I had this little mini desk behind my big desk and on it I had all types of video equipment to transfer videotape to DVD along with software to splice hunks of video and sound.  I didn’t really do any of that for my job, which is a good thing because I never figured out how to use the equipment.  My boss bought that stuff for me during one of those ‘end-of-the-fiscal-year money spending frenzies’.  If you’ve never been on the spending end of one of those, I highly recommend it. 

Anyway, the university was a good gig.  I was able to leave on time every day.  The campus was beautiful.  I could do stuff like ride to meetings on the handlebars of my boss’s bicycle and go to art shows during my lunch break where they served free shrimp cocktails and those little strawberries that were dipped in chocolate and decorated to look like tiny mice.

I applied for the prison job on a whim.  My coworkers and my boss couldn’t figure out what the hell I was thinking.  But when I sent an inquiry to the division head at the prison, he came to my university office to meet with me.  And I thought, well why not check it out?  I’d never been to a prison, and it would at the very least make a good story at the next art show/mini strawberry mice luncheon.

My first red flag was that there was no job interview.  There was an assumption from the beginning that if I wanted the job I could have it.  Even though it paid 20k more than the university job.  Leaving the university seemed like such a stupid thing to do that I went out to the prison three times to visit before I took the position.  Prison was like the polar opposite of the university.  It was dangerous and ugly.  Because no one wanted to work there, they were often forced to hire people who wouldn’t make it through a Wal-Mart interview.  They hired professionals that had never been licensed and a few that had their licenses revoked or suspended for ethical violations.  People screamed at each other during staff meetings. 

It’s taken me a long time to figure out why I loved prison so much.  I mean it was weird.  I was screamed at, threatened, lied to, and lied about.
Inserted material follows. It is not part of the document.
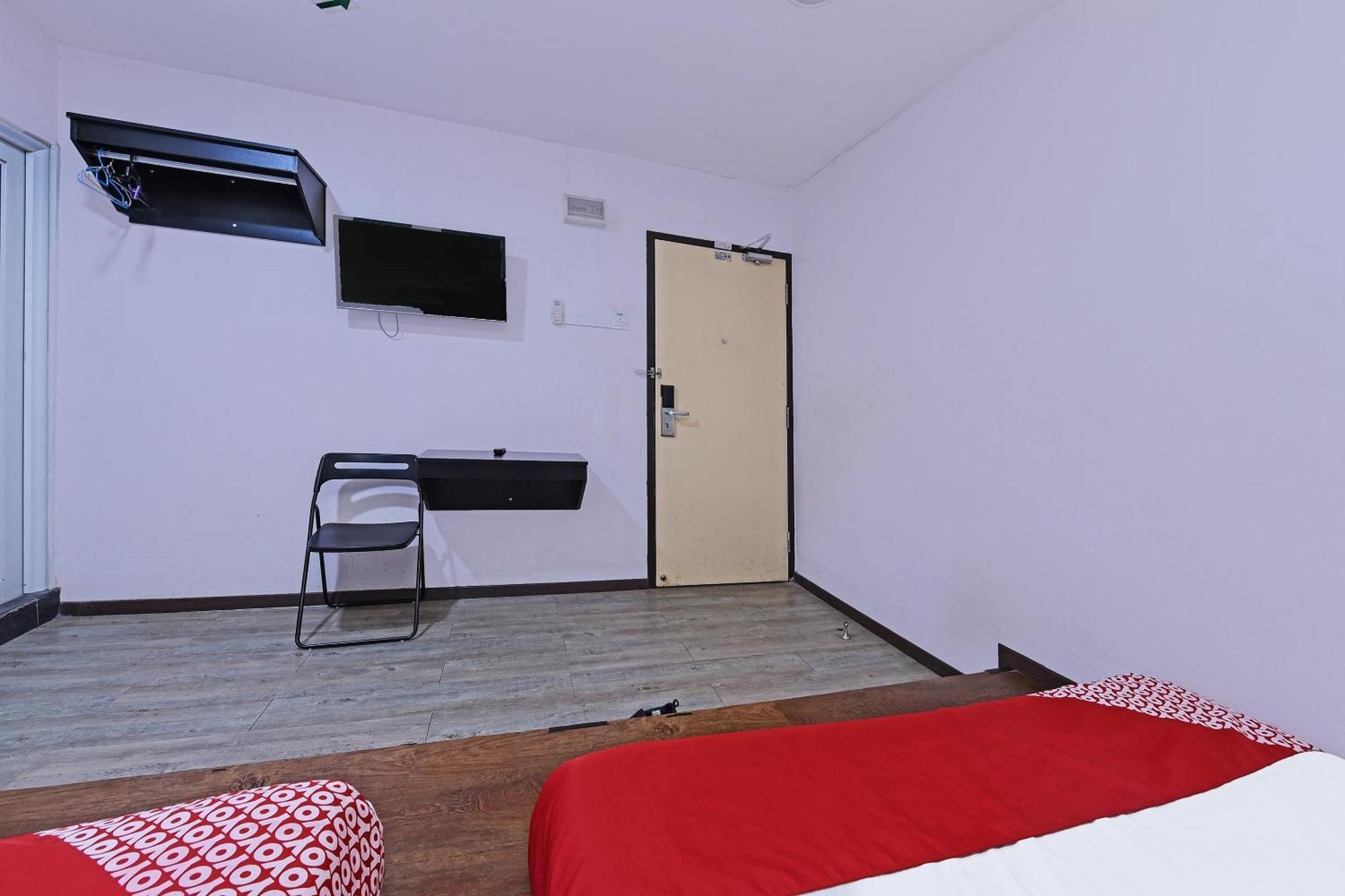 Super Oyo 992 Orange Hotel Kuala Pilah Dış mekan fotoğraf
And that was just some of the staff. 

The inmates were an entirely different challenge.  They all wanted something.  They wanted to be moved or they wanted someone else to be moved or they wanted to get into some class that would get them out a few weeks early.  They made liquor in their toilets and swallowed razor blades and attempted to use bread bags as condoms and shampoo as sexual lubricants (which by report is extremely painful).  I saw way more naked men than anyone ever wants to see – and don’t forget – those toilets are right out in the middle of everything.   There was one guy who pretty much masturbated constantly.  The guy would masturbate while he was eating his lunch without so much as a pause when he went to the beanhole to get his food tray.

The thing about seeing and experiencing the highly abnormal is that you get close to your colleagues.  You develop a weird sense of humor that no one else could possibly get.  It sinks in somewhere around the second year.  You learn you have to filter before you talk when you’re around non-prison folk. 

There was this guy in a lock down unit who refused to come out of his cell.  Wouldn’t come out to exercise and wouldn’t come out to shower.  Ever.  He didn’t ask for anything either.  Just ate his food, returned the tray when it was asked for, and sat on his cot.  A veteran staff member described him to me one morning because I was going to cover for her the following day.  “He’s like a plant,” she concluded.  “You just have to make sure he has water and food.”  Which is incredibly sad but for some reason I found it hysterically funny.  Diet Coke shot out of my nose and then I stopped laughing because it hurts considerably when Diet Coke squirts out of your nose.  Which made her laugh hysterically.  Which made me start laughing hysterically all over again. 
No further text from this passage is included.